Work to complete
Your answer should be the exact lines of the data below from the one containing "Kaldewei Centro duo" through the one containing "Seychelles Suede Booties - Picture 5 of 7"; please include nothing else.

The records
──────────────────────────────
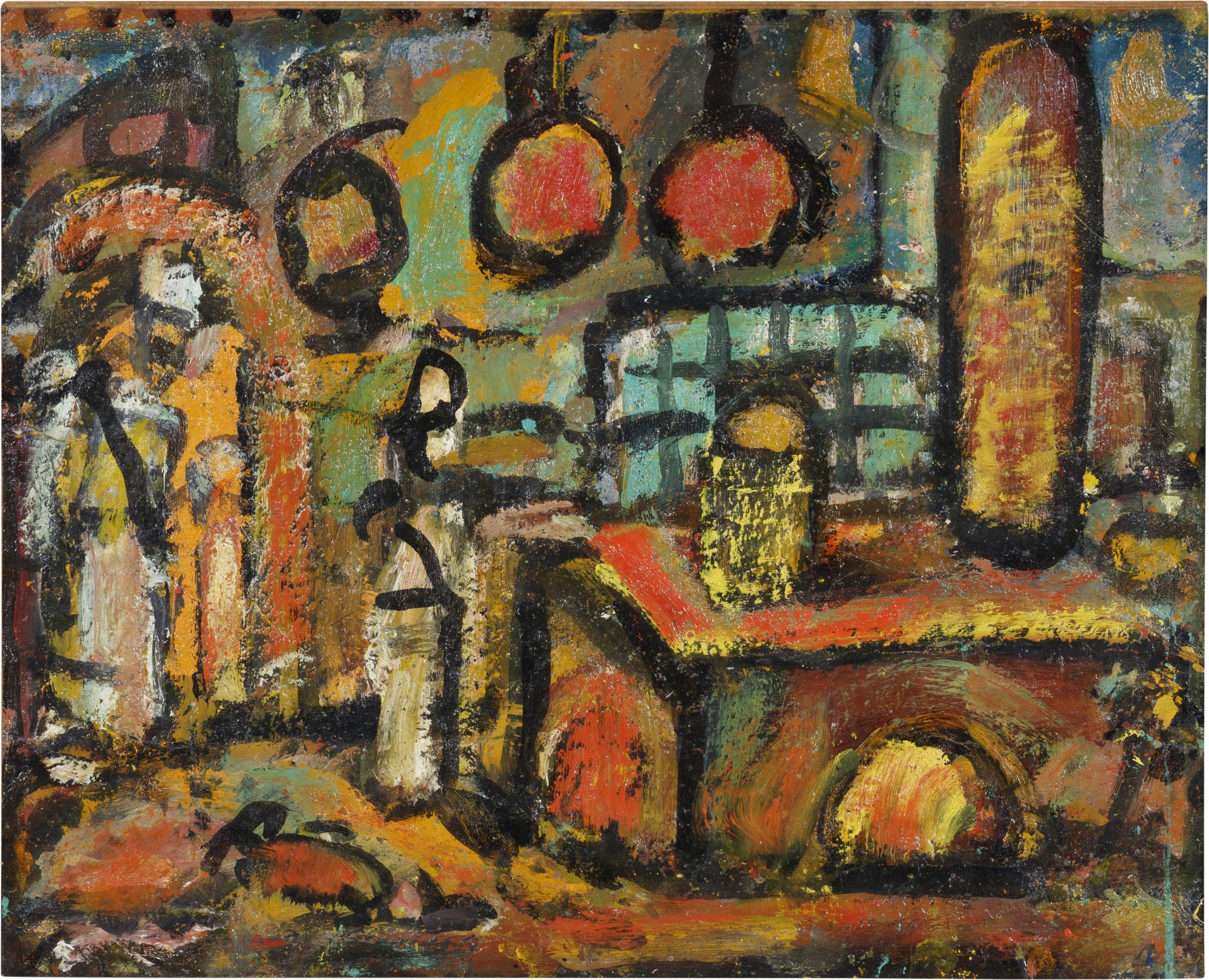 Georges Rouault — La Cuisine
──────────────────────────────
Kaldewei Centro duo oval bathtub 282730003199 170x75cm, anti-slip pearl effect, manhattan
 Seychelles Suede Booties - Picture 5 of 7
──────────────────────────────
Expected answer
Kaldewei Centro duo oval bathtub 282730003199 170x75cm, anti-slip pearl effect, manhattan
 Seychelles Suede Booties - Picture 5 of 7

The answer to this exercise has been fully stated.